On the Business of Writing
- Authorpreneurship: Authors need to behave like they’re businesspeople in regard to their brand and marketing efforts for both themselves and their work.
- Google and blogs: “Shit.”: Blogs are declining, and Seth Godin’s “Is Google making the web stupid?” claims that Google searches may be the cause. Google is part of the problem, but the key problem is that people are spending less time browsing websites and searching Google. Instead, we are living in an app and social content age.
- Why Writers Need to Know the Publishing Business: Authors, even traditionally published ones, need to understand how the publishing part works. Knowledge is power, and can lead to more success.
- The Two Sides of SEO for Book Publishers: The search engine optimization (SEO) has two sides: on-site elements and off-site content about the site and products.

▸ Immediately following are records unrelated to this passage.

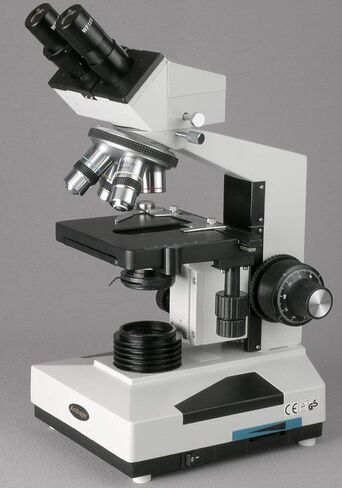 AmScope B400B-LED Compound Binocular Microscope, WF10x and WF20x Eyepieces, 40X-2000X Magnification, Brightfield, LED Illumination, Abbe Condenser, Double-Layer Mechanical Stage, Sliding Head, High-Resolution Optics in Saudi Arabia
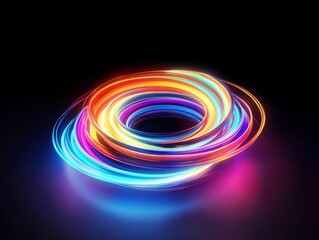 Wall Mural - vibrant, colorful, and swirling neon rings glow brilliantly in the dark, creating a captivating and 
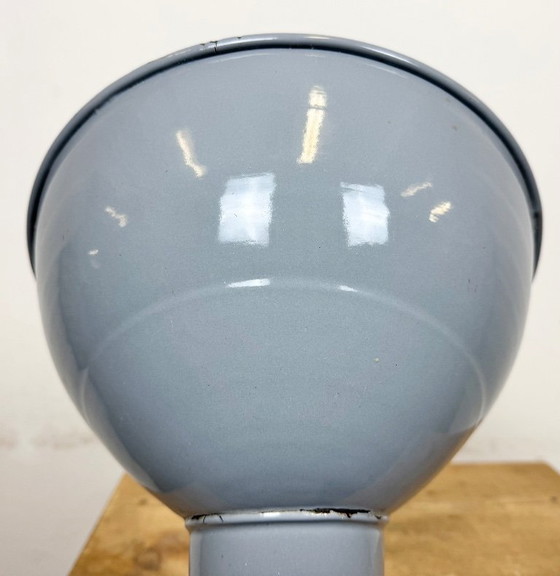 Image 1 of Industrial British Grey Enamel Factory Wall Lamp, 1960s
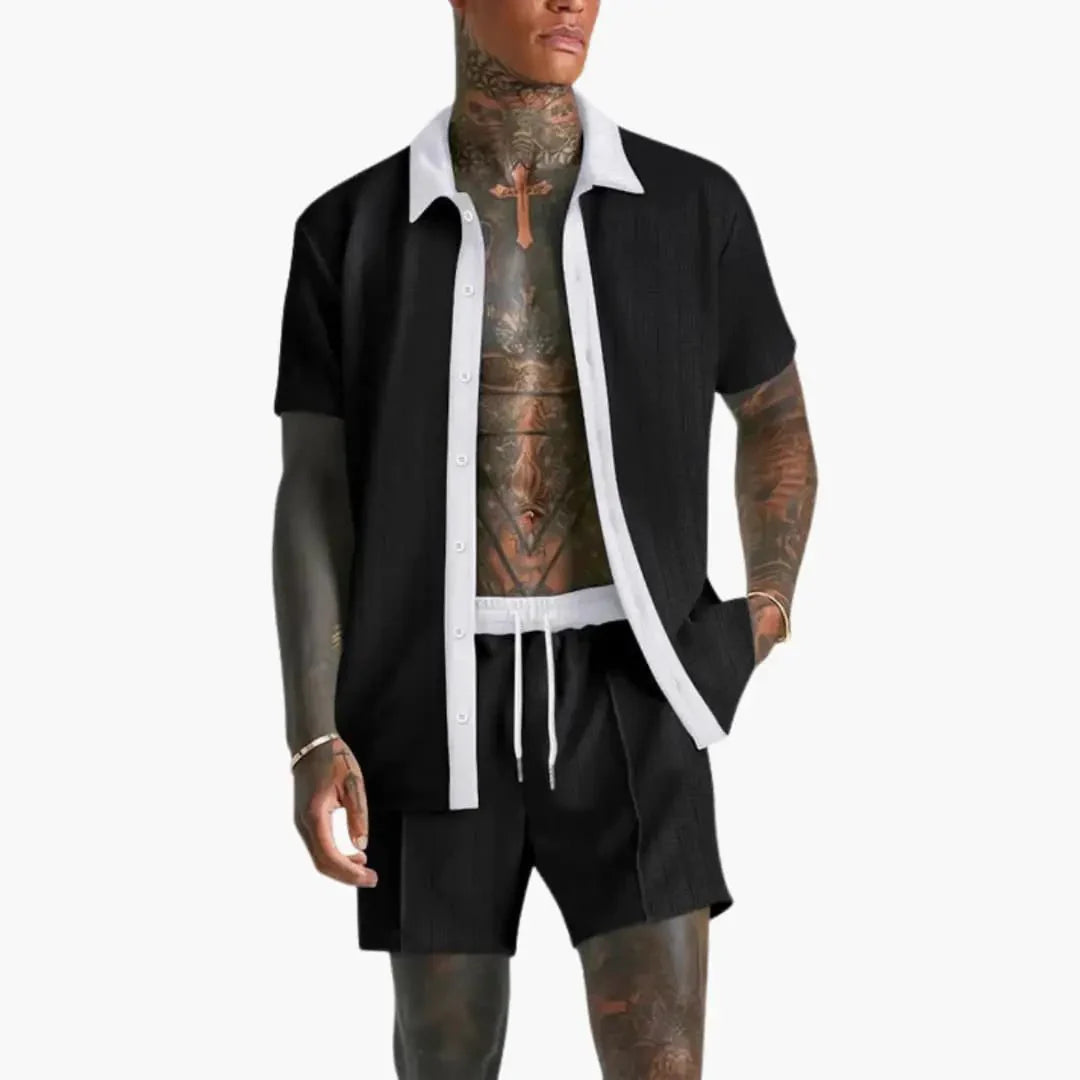 Close-up view of men's summer shirt and shorts set showing contrasting trim detail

By understanding these elements more, you can better control where you end up in search results.
- Publishers bypass literary agents to discover bestseller talent: Publishers are starting to become more active in the search for new talent which is just one readjustment they’re trying so as to keep up with developments like self-publishing.
- Want to Profit as an Author? Think About Sponsorships: Author Power is a book that shows that self-promotion is a necessity for profiting as an author. This can also lead to an organization wanting to sponsor the novel.
- Never trust a corporation to do a library’s job: Google at one point in time was dedicated to preserving the past, but that’s not very profitable. But there are nonprofits that are dedicated to this preservation, and they need support.
- HOW “STRONG FEMALE CHARACTERS” STILL END UP WEAK AND POWERLESS (OR, “DO THEY PASS THE ACTION FIGURE TEST?”): Female characters need to have character agency, or have an ability to affect the story. Their choice to fight is more interesting than how well they fight.
- Those Who Stay: the lives of writers’ companions: Writers affect and are affected by a variety of people. This is an article about some examples of these companions.
- You think writing’s a dream job? It’s more like a horror film: Being an author is a dream for many, but the fact remains that this profession is full of rejection, fear, paranoia, insecurity and loneliness.
- The Last of the Typewriter Man: Paul Schweitzer is one of the last typewriter repairmen in the United States.
The “new” media
- Why print newspapers remain the dominant media power in Britain: There are a number of reasons for why print newspapers are dying, but in Britain they are still popular.
- The new New York Times Magazine: The New York Times Magazine has been redesigned in an effort to make it distinctive, intellectual and enjoyable.
- The New Republic, Then and Now: The New Republic had a major reboot with a new masthead, and over 23 employees departed and were replaced with a more diverse group.
- David Remnick Looks Back On Tough Decisions As ‘The New Yorker’ Turns 90: The New Yorker is celebrating its 90th anniversary through a special edition with nin running covers. Article also includes personal stories from its editor, David Remnick.
- Investigative Reporting Pulitzer entries up 50 percent since magazines were allowed in: The Pulitzer Prizes now allows online and print magazines, and has had an increase of 50 percent in the investigative entries and a 21 percent increase for feature submissions.